Exercise brief
Only the pictures are to be left out, and the rest of the entries should be reproduced exactly.

= = = = =

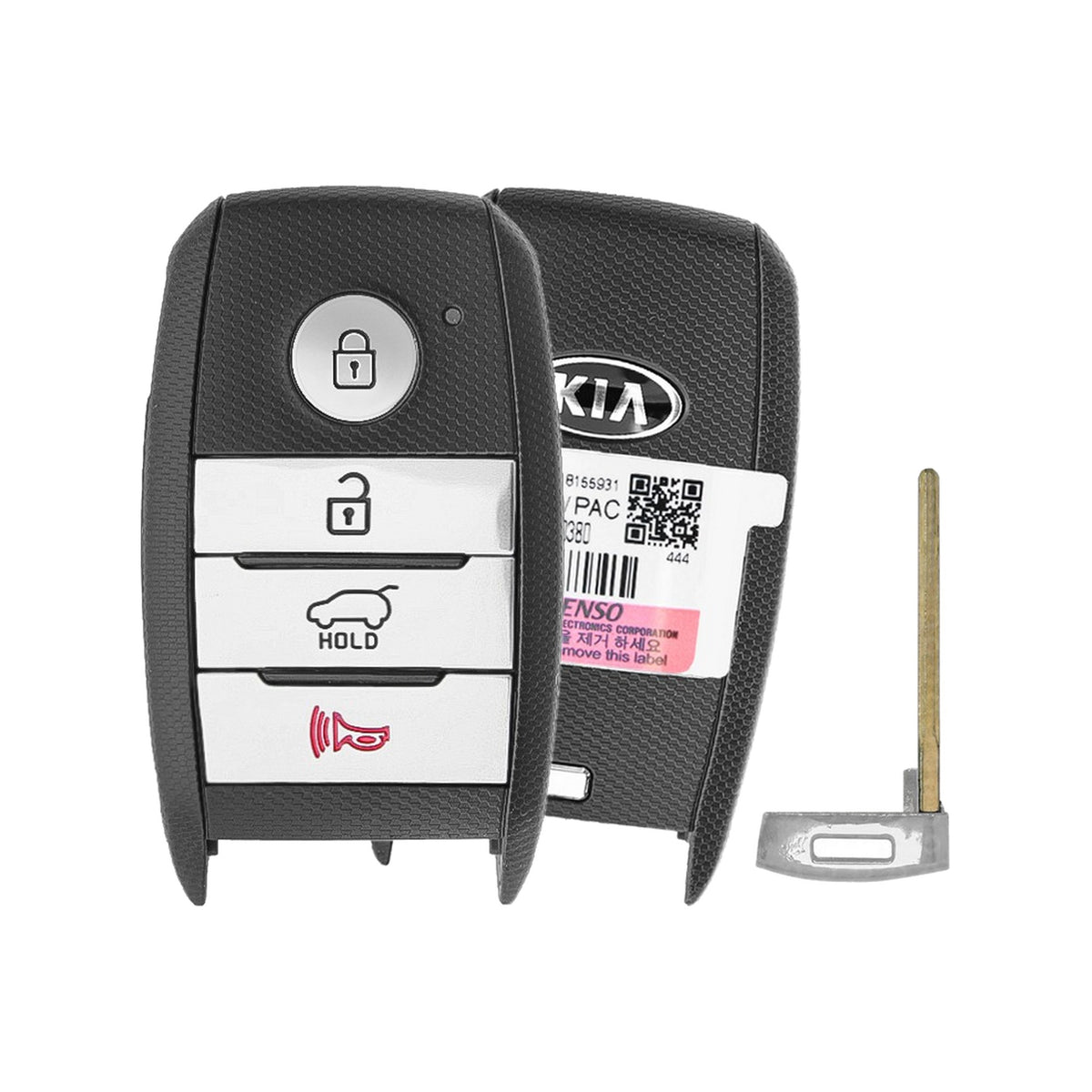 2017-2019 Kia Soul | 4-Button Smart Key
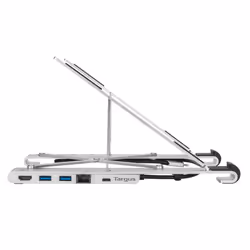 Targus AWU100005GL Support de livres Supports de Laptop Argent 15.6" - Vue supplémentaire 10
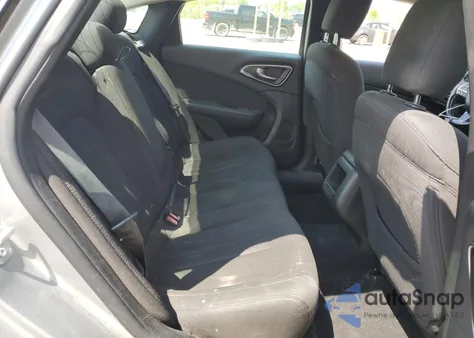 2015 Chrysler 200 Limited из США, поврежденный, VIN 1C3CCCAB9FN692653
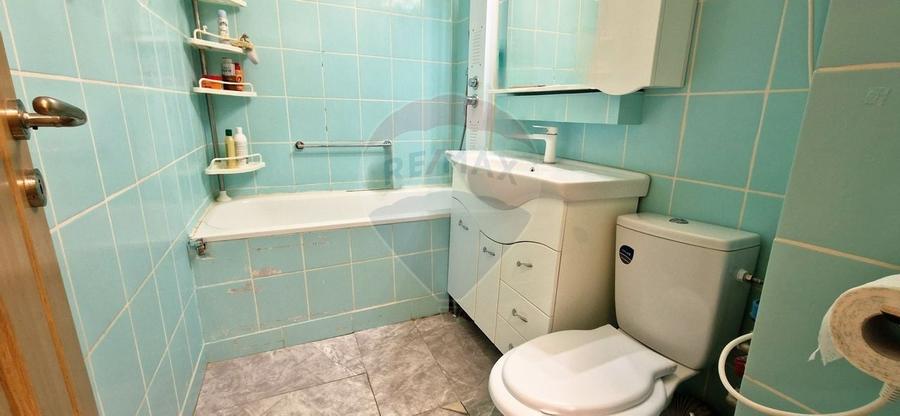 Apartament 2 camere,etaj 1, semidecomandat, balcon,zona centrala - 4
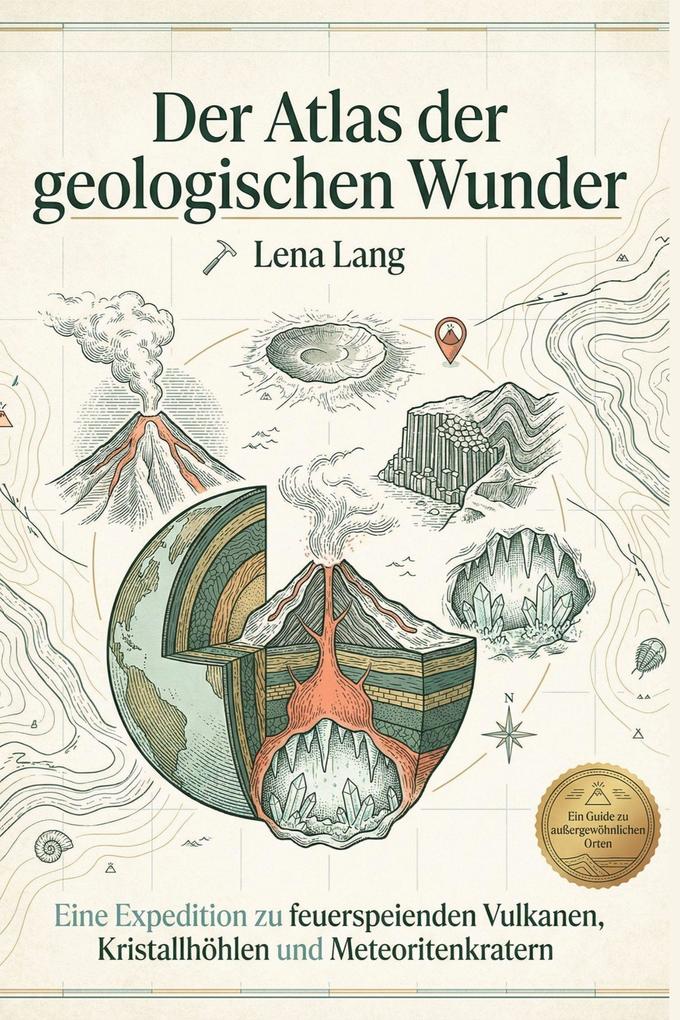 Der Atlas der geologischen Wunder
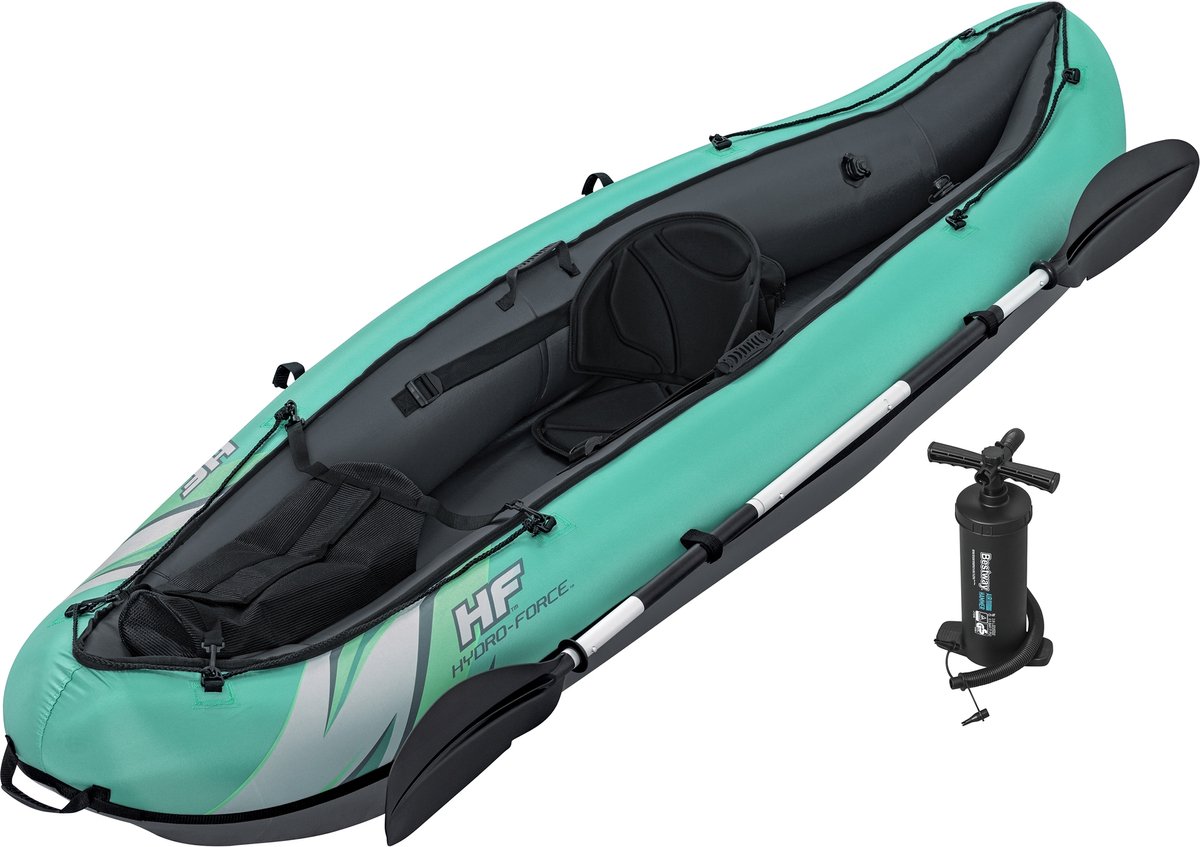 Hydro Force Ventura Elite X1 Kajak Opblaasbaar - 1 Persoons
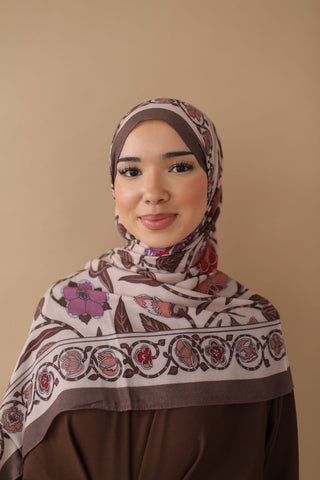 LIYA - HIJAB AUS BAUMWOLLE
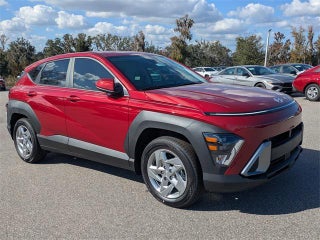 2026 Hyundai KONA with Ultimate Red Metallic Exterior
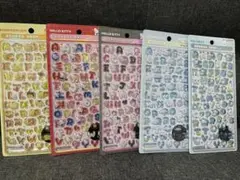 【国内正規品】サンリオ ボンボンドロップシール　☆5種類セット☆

= = = = =

Answer space
 2017-2019 Kia Soul | 4-Button Smart Key
 Targus AWU100005GL Support de livres Supports de Laptop Argent 15.6" - Vue supplémentaire 10
 2015 Chrysler 200 Limited из США, поврежденный, VIN 1C3CCCAB9FN692653
 Apartament 2 camere,etaj 1, semidecomandat, balcon,zona centrala - 4
 Der Atlas der geologischen Wunder
 Hydro Force Ventura Elite X1 Kajak Opblaasbaar - 1 Persoons
 LIYA - HIJAB AUS BAUMWOLLE
 2026 Hyundai KONA with Ultimate Red Metallic Exterior
 【国内正規品】サンリオ ボンボンドロップシール　☆5種類セット☆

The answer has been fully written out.